Siddharth Varadarajan in conversation with Chris Lydon at Brown, March, 2010.

Podcast • March 12, 2010

This "Year of India" (5): … and the chronic crisis of Pakistan

Farzana Shaikh is a child of Pakistan who writes about her country now as the daughter of a distressed family. The thread through her pithy analysis, Making Sense of Pakistan, is that Pakistan’s problem is not fundamentally with India, much less with the United States and the world, but with itself and Islam. She begins:

More than six decades after being carved out of British India, Pakistan remains an enigma. Born in 1947 as the first self-professed Muslim state, it rejected theocracy. Vulnerable to the appeal of political Islam, it aspired to Western constitutionalism. Prone to military dictatorship, it hankered after democracy. Unsure of what it stood for, Pakistan has been left clutching at an identity beset by an ambigous relation to Islam…

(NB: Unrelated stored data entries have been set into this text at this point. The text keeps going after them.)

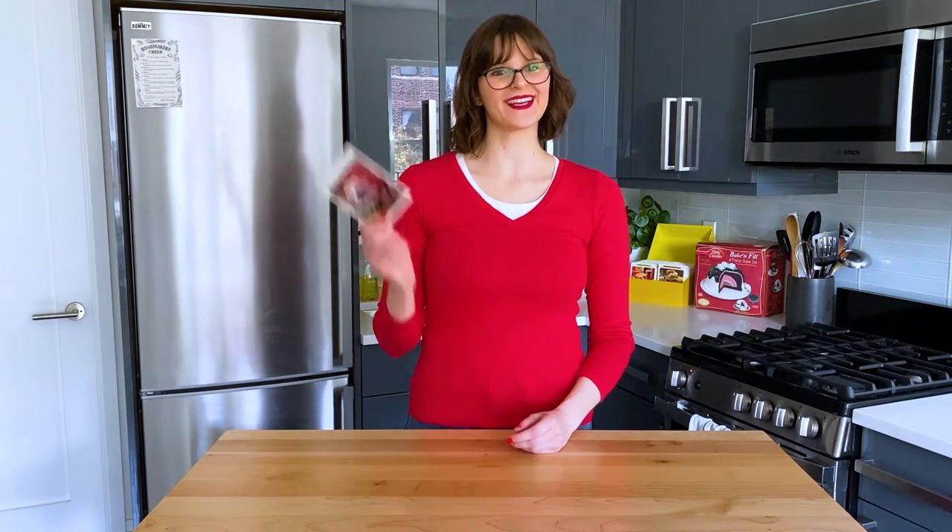Hello homemakers, I'm Melinda, and I'm cooking my way through Betty Crocker's 1971 recipe card library, and today we're making a ladybug cake.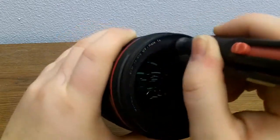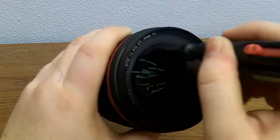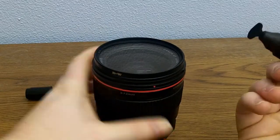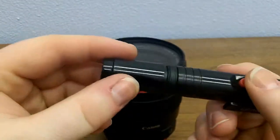Just use gentle circular motion to get any marks off the lens, and when you're done, simply cap it.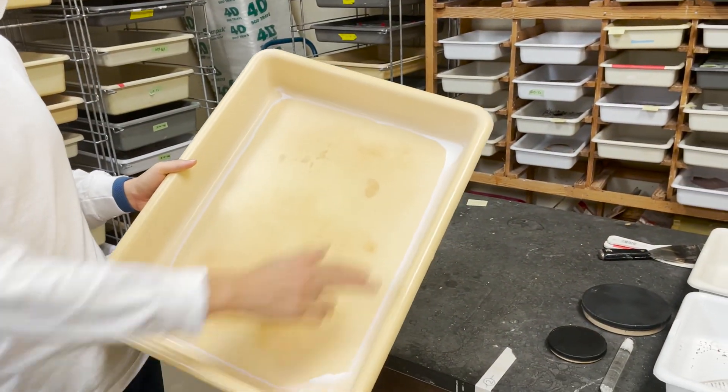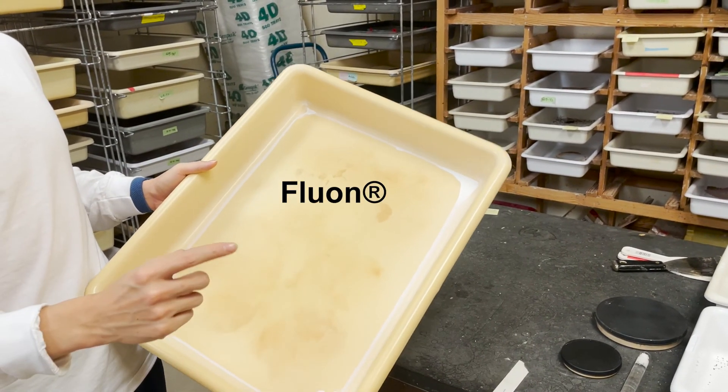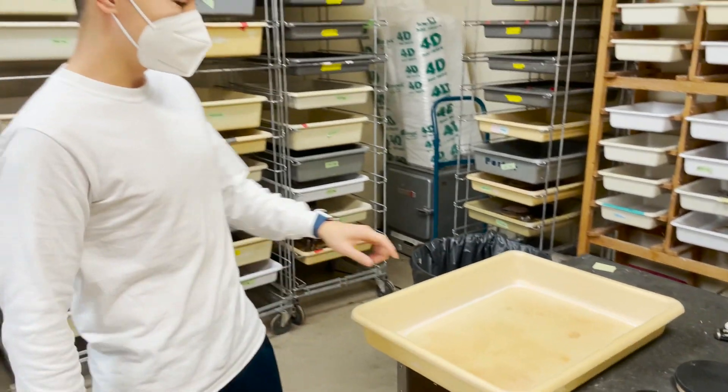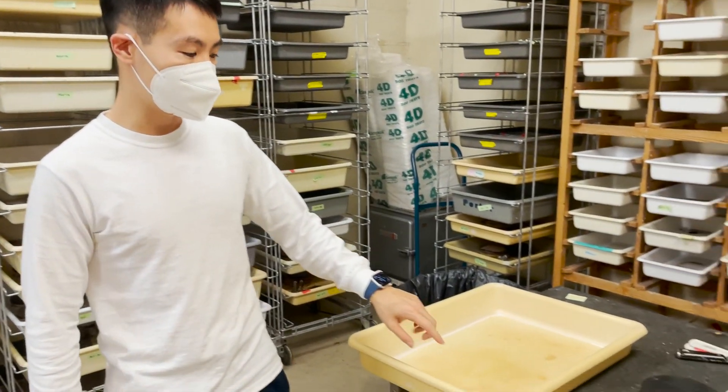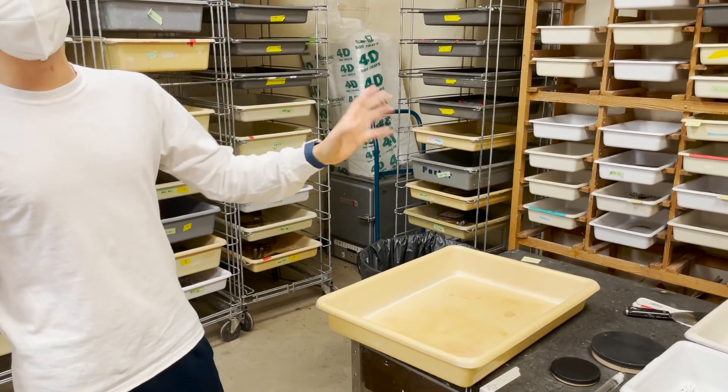This tray is fluoned on the side so that the ants cannot run out. But over time, the fluons will get degraded because the ants keep wearing it down, and then we'll have to move them into a new tray.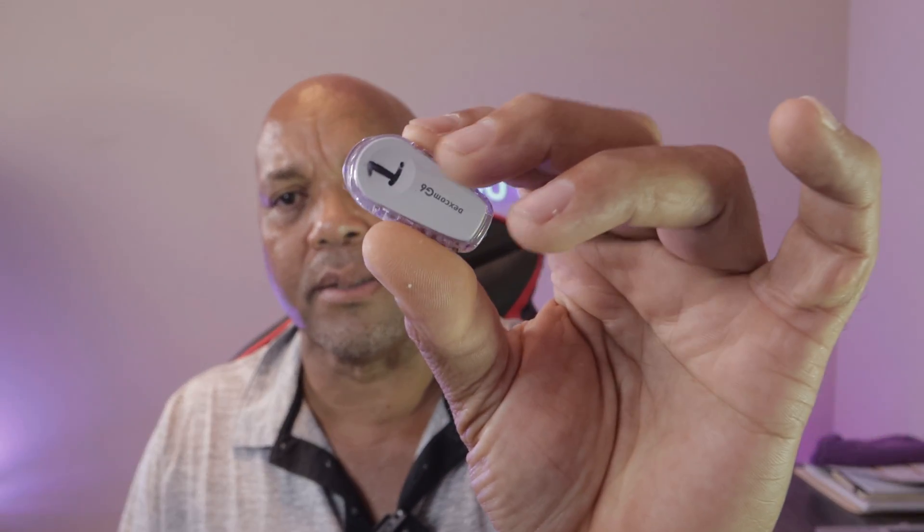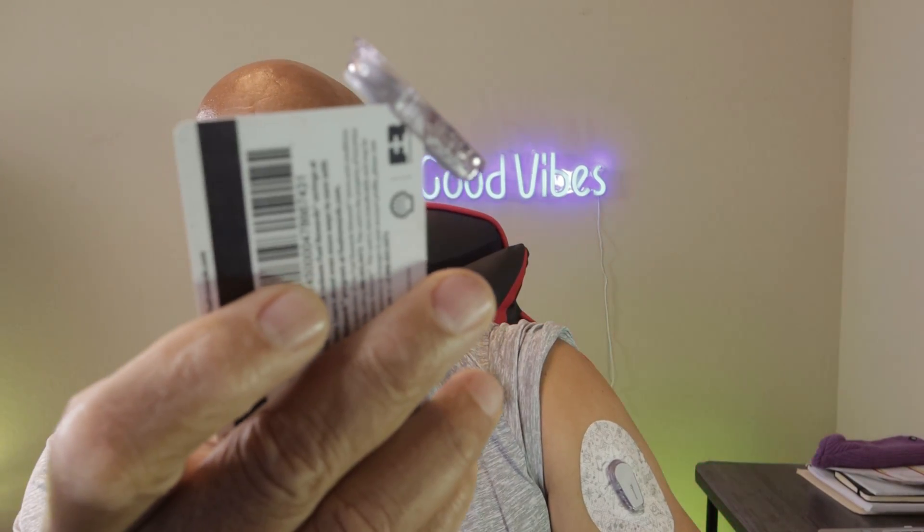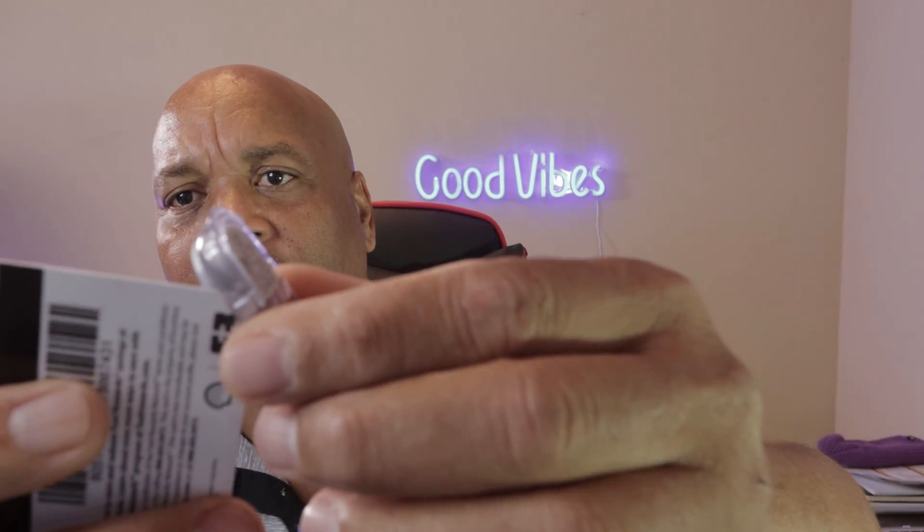I've learned it can go up to four times probably before it totally expires — but two or three times you're good to go. Basically, this is it right here. You can see this one is still in the case, almost identical to the one on my arm. You use a credit card: right in the corner here there's a little groove, you push the credit card in like that and it kind of flips up and comes out. You do the same thing for the other side — you might need somebody to help — and then it's out. You can take it out without breaking it.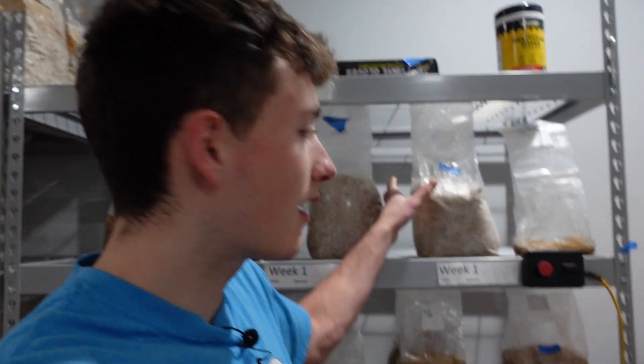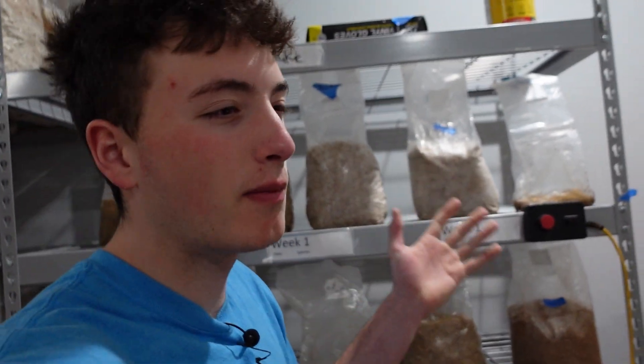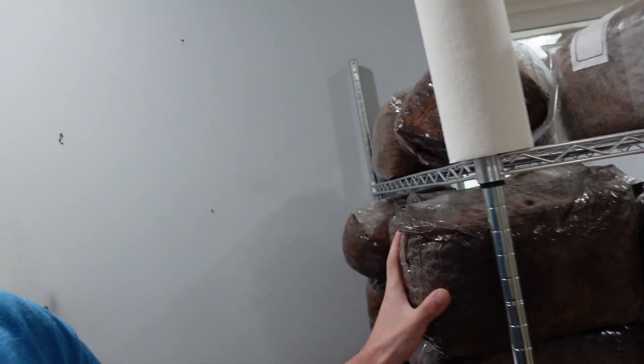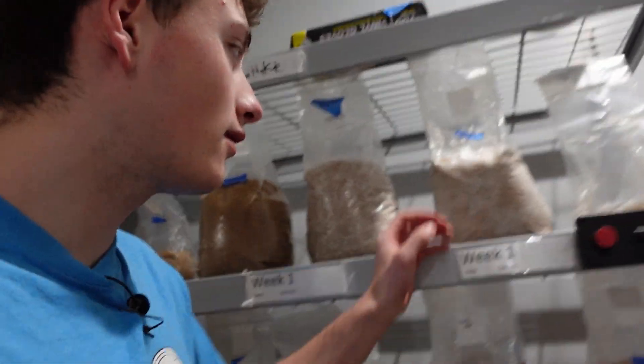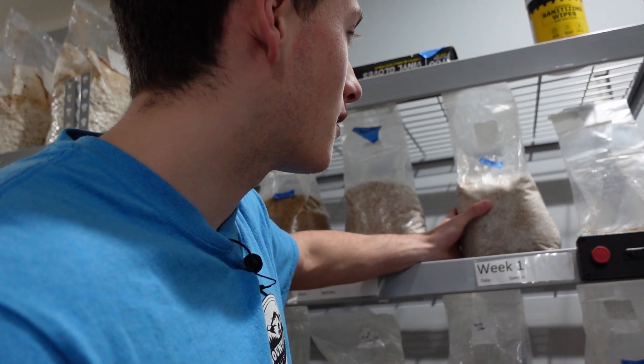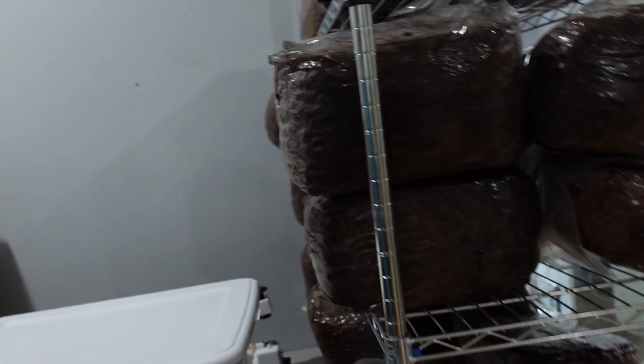Today I'm going to be showing you guys how to inoculate mushroom blocks using grain spawn. So here we have our spawn — this is a blue oyster mushroom spawn. Basically what spawn is, it's just a nutritious grain that you can apply to your main bulk substrates, your blocks. These are just mixes of soy hull and hardwood, so 50-50 of that material. And then we obviously hydrate it and then sterilize it.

Farzana Shaikh, Making Sense of Pakistan, Columbia University Press.

Salman Rushdie’s irresistible prose is one touchstone of our conversation:

It is well known that the term ‘Pakistan,’ an acronym, was originally thought up in England by a group of Muslim intellectuals. P for the Punjabis. A for the Afghans, K for the Kashmiris, S for Sind and the ‘tan’, they say, for Balochistan. (No mention of the East West, you notice: Bangladesh never got its name in the title, and so eventually it took the hint and seceded from the secessionists….). So, it was a word born in exile which then went East, was borne across or translated, and imposed itself on history; a returning migrant, settling down on partitioned land, forming a palimpsest on the past. A palimpsest obscures what lies beneath. To build Pakistan it was necessary to cover up Indian history, to deny that Indian centuries lay just beneath the surface.

Salman Rushdie, Shame, 1983. p. 87.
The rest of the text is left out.